• **TASK MATERIAL**:
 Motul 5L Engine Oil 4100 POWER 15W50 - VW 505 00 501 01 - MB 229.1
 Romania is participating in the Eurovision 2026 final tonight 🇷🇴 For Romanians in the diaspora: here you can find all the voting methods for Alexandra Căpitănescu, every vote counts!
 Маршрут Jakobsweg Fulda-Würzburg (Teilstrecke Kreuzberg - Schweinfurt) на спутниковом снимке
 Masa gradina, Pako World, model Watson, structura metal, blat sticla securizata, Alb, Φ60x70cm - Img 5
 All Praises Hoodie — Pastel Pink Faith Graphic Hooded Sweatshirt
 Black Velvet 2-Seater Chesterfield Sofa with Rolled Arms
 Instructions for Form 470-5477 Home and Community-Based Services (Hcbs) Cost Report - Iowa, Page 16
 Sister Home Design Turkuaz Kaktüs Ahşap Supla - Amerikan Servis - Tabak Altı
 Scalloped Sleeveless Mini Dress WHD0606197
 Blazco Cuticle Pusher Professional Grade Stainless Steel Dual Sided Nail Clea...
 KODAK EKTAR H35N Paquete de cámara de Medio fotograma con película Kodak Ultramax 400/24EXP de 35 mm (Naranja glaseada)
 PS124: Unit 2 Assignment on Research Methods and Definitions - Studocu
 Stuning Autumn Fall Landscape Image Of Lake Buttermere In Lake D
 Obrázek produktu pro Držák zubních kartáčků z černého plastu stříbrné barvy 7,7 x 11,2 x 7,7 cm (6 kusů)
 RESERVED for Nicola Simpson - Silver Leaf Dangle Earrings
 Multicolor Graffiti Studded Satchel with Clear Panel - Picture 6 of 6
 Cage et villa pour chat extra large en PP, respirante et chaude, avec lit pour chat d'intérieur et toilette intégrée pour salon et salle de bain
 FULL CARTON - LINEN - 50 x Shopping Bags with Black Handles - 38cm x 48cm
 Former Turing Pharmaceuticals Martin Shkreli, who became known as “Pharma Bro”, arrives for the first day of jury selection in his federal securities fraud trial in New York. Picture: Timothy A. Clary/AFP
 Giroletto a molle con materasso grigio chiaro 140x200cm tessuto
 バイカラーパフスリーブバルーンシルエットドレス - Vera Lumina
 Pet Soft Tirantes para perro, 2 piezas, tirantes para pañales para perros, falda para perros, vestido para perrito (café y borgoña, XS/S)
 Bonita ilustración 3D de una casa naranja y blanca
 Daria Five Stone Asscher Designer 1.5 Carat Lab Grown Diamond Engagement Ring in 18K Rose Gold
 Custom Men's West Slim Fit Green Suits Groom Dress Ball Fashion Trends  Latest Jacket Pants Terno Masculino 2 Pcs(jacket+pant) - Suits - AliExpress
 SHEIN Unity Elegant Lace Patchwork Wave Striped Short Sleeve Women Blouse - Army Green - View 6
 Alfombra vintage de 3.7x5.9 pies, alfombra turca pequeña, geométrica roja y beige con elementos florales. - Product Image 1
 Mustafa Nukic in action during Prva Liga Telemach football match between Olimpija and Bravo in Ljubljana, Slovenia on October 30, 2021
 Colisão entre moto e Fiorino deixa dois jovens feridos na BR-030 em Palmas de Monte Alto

• **WORK INSTRUCTIONS**: Make an exact copy of every record listed above.

• **EXERCISE RESULT**:
 Motul 5L Engine Oil 4100 POWER 15W50 - VW 505 00 501 01 - MB 229.1
 Romania is participating in the Eurovision 2026 final tonight 🇷🇴 For Romanians in the diaspora: here you can find all the voting methods for Alexandra Căpitănescu, every vote counts!
 Маршрут Jakobsweg Fulda-Würzburg (Teilstrecke Kreuzberg - Schweinfurt) на спутниковом снимке
 Masa gradina, Pako World, model Watson, structura metal, blat sticla securizata, Alb, Φ60x70cm - Img 5
 All Praises Hoodie — Pastel Pink Faith Graphic Hooded Sweatshirt
 Black Velvet 2-Seater Chesterfield Sofa with Rolled Arms
 Instructions for Form 470-5477 Home and Community-Based Services (Hcbs) Cost Report - Iowa, Page 16
 Sister Home Design Turkuaz Kaktüs Ahşap Supla - Amerikan Servis - Tabak Altı
 Scalloped Sleeveless Mini Dress WHD0606197
 Blazco Cuticle Pusher Professional Grade Stainless Steel Dual Sided Nail Clea...
 KODAK EKTAR H35N Paquete de cámara de Medio fotograma con película Kodak Ultramax 400/24EXP de 35 mm (Naranja glaseada)
 PS124: Unit 2 Assignment on Research Methods and Definitions - Studocu
 Stuning Autumn Fall Landscape Image Of Lake Buttermere In Lake D
 Obrázek produktu pro Držák zubních kartáčků z černého plastu stříbrné barvy 7,7 x 11,2 x 7,7 cm (6 kusů)
 RESERVED for Nicola Simpson - Silver Leaf Dangle Earrings
 Multicolor Graffiti Studded Satchel with Clear Panel - Picture 6 of 6
 Cage et villa pour chat extra large en PP, respirante et chaude, avec lit pour chat d'intérieur et toilette intégrée pour salon et salle de bain
 FULL CARTON - LINEN - 50 x Shopping Bags with Black Handles - 38cm x 48cm
 Former Turing Pharmaceuticals Martin Shkreli, who became known as “Pharma Bro”, arrives for the first day of jury selection in his federal securities fraud trial in New York. Picture: Timothy A. Clary/AFP
 Giroletto a molle con materasso grigio chiaro 140x200cm tessuto
 バイカラーパフスリーブバルーンシルエットドレス - Vera Lumina
 Pet Soft Tirantes para perro, 2 piezas, tirantes para pañales para perros, falda para perros, vestido para perrito (café y borgoña, XS/S)
 Bonita ilustración 3D de una casa naranja y blanca
 Daria Five Stone Asscher Designer 1.5 Carat Lab Grown Diamond Engagement Ring in 18K Rose Gold
 Custom Men's West Slim Fit Green Suits Groom Dress Ball Fashion Trends  Latest Jacket Pants Terno Masculino 2 Pcs(jacket+pant) - Suits - AliExpress
 SHEIN Unity Elegant Lace Patchwork Wave Striped Short Sleeve Women Blouse - Army Green - View 6
 Alfombra vintage de 3.7x5.9 pies, alfombra turca pequeña, geométrica roja y beige con elementos florales. - Product Image 1
 Mustafa Nukic in action during Prva Liga Telemach football match between Olimpija and Bravo in Ljubljana, Slovenia on October 30, 2021
 Colisão entre moto e Fiorino deixa dois jovens feridos na BR-030 em Palmas de Monte Alto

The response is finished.